In truncated SVD regularization, an estimate for $s$ is obtained by applying the pseudoinverse $B_k^{+}$ to the data (instead of the true inverse $A^{-1}$) (see section 3.6 of Heath). Try truncated SVD regularization for various values of $k$. Show that for certain values of $k$ the result obtained by truncated SVD regularization is a "better" approximation of the true signal than the result obtained by the true inverse $A^{-1}$.
Note that better can mean different things, it can mean "visually better" or "quantitatively better" in some norm to be specified, try to be precise in what you write down.

What happens if you choose $k$ too small?

You may use library routines to compute the SVD.

----
When $k$ is to small we include the low magnitude singluar values which reflect the noise in the data.
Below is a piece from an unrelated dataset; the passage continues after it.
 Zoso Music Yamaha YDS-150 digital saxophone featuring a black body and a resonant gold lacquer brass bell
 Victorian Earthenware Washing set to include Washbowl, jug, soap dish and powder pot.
As a result we get a noisy estimate for the inverse.
In particular, when $k=0$ (or nearby), the output is similar to that of $A^{-1}$.

In [None]:
U, Sigma, VT = la.svd(A)
np.isclose(A, U @ np.diag(Sigma) @ VT).all()

In [None]:
U, Sigma, VT = la.svd(A)
Sigma_p = Sigma.copy()
nonzero = ~np.isclose(Sigma, 0)
Sigma_p[nonzero] = 1 / Sigma_p[nonzero]
A_range = [0, 15, 45, 80, 99]

fig, axis = plt.subplots(1, 2, figsize=(10, 6))

for k in A_range:
    Sigma_k_p = np.diag(np.where(np.arange(n) < n - k, Sigma_p, 0))
    B_k_p = VT.T @ Sigma_k_p @ U.T

    s_est = B_k_p @ d_epsilon
    s_prime = la.inv(A) @ d_epsilon
    axis[0].plot(t, s_est, label=f"k={k}")
    axis[1].plot(t, s_prime, label=f"k={k}", color="red")
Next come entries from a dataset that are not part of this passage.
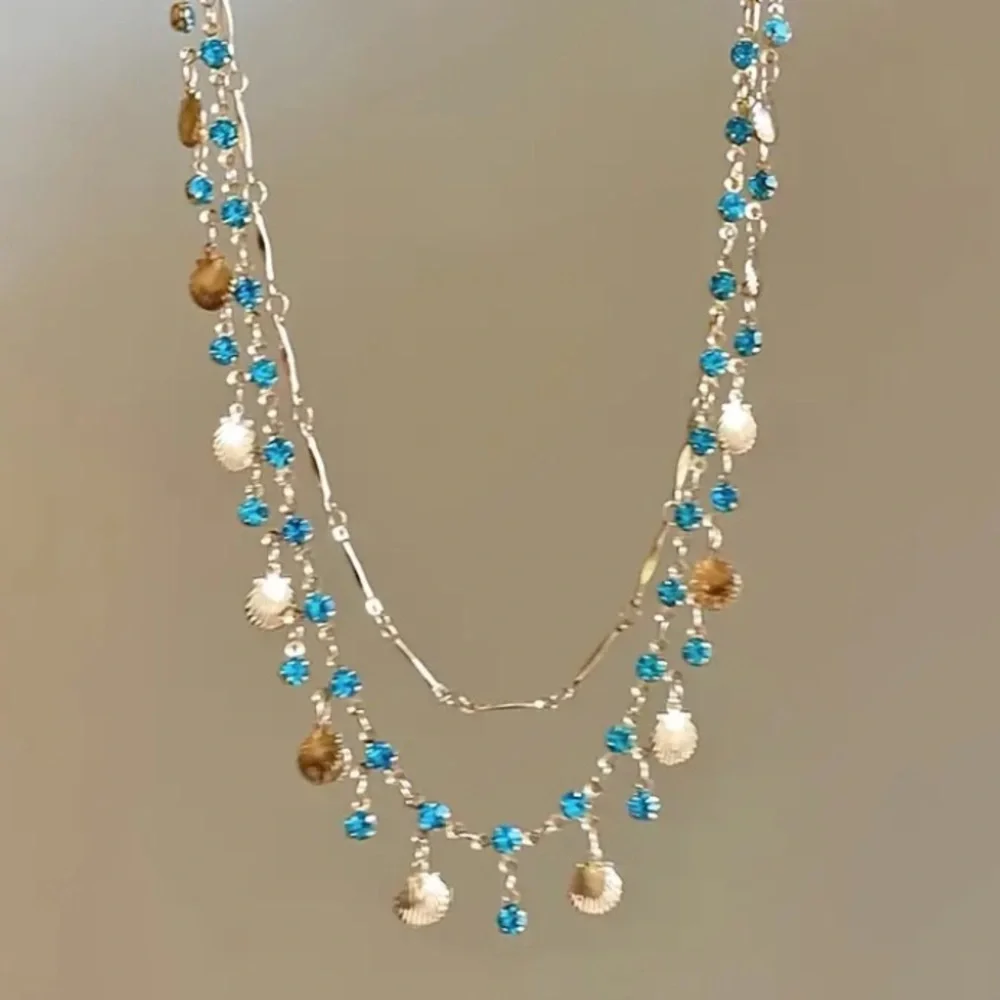 Blue Crystal & Shell Gold Toned Necklace & Bracelet Set - Picture 2 of 5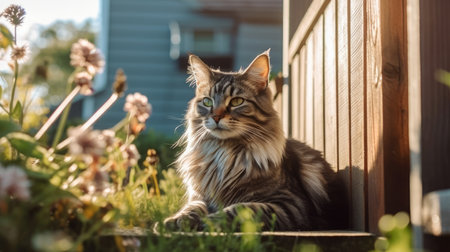A watchful cat keeping an eye on the backyard. AI generated illustrationの素材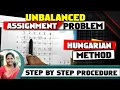 Unbalanced Assignment Problem Non-Square Matrix Assignment Hungarian Method -By Kauserwise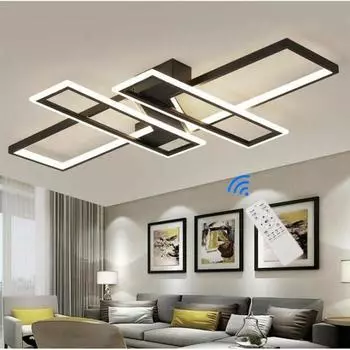 Светодиодный потолочный светильник Современный прямоугольный дизайн, бра с абажуром Спальня Гостиная Кухня Столовая С регулируемой яркостью и дистанционным управлением, 90 см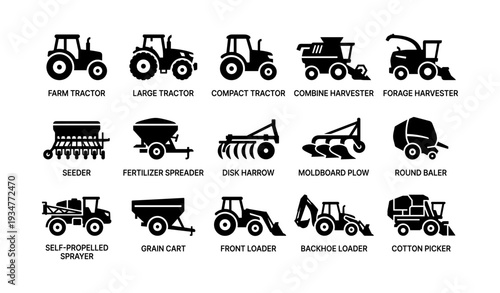 Silhouettes of various agricultural machinery and equipment icons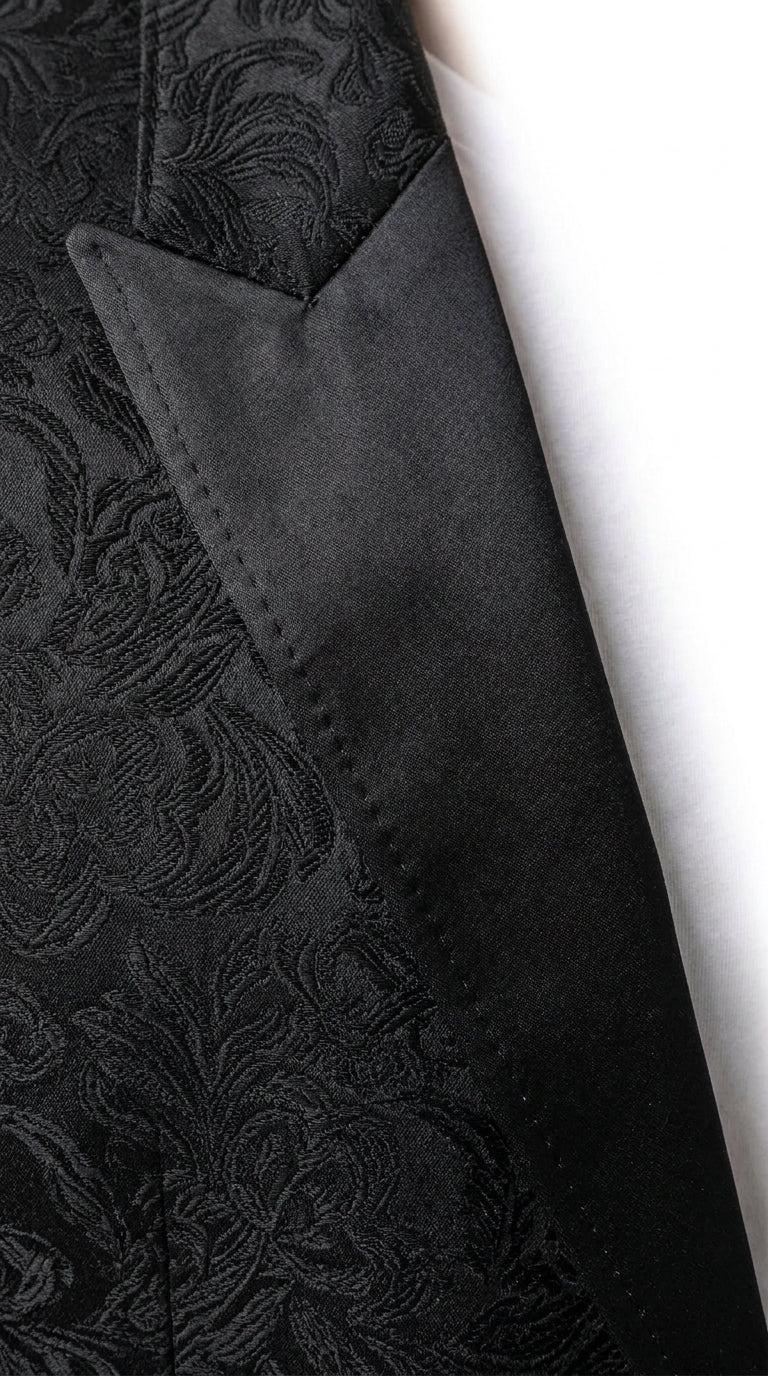 Men’s Black Paisley Jacquard Western Blazer with Satin Shawl Lapel, Formal Designer Sport Coat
    print(f"k={k}: 2-norm={la.norm(s_est - s, ord=2):.2f}")
    legend = axis[0].legend(loc="upper right")

plt.tight_layout()

In [None]:
k_range = np.arange(n)
error_values = np.empty_like(k_range, dtype=np.float64)


for k in k_range:
    Sigma_k_p = np.diag(np.where(np.arange(n) < n - k, Sigma_p, 0))
    B_k_p = VT.T @ Sigma_k_p @ U.T

    s_est = B_k_p @ d_epsilon
    s_prime = la.inv(A) @ d_epsilon
    error_values[k] = la.norm(s_est - s, ord=2)

fig, ax = plt.subplots()
ax.plot(k_range, error_values)
ax.set_ylim(0, None)
ax.set_xlim(0, 99)
ax.set_xlabel(r"$k$")
ax.set_ylabel(r"$||s - \hat{s}||_2$")
fig.tight_layout()
plt.show()

## (d)

Make a plot of the singular values of $A$. Explain your findings in (b) and (c). Part of your explanation should refer to the plot.

In [None]:
fig, ax = plt.subplots()
sigma_index = np.arange(1, n + 1)
ax.scatter(sigma_index, Sigma, s=5)
ax.set_ylim(0, None)
ax.set_xlim(0, 99)
ax.set_xlabel(r"$n - k$")
ax.set_ylabel(r"$\Sigma_k$")

print(f"Condition number: {Sigma.max() / Sigma.min()}")

As seen in the figure above, the values of $\Sigma_k$​ decrease quickly as $k$ increases, eventually flattening out near zero as $k \rightarrow n$.
A similar patern is seen in the figure for c\), whereby the optimal $k$ is around $80$.
When $k$ is larger than $80$ more of the large magnitute value are being excluded, resulting in less values that can be used to construct $d_{\epsilon}$

Furthermore, the difference in magnitude between the largest and smallest singular values supports our earlier discussion on the condition number, which may 
also be defined as the ratio of these values: $\sigma_{max}/\sigma{min} = 127.9$. This is of a similar magnitude to $200$, the 
condition number computed as $\|A\|\|A^{-1}\|_\infty$.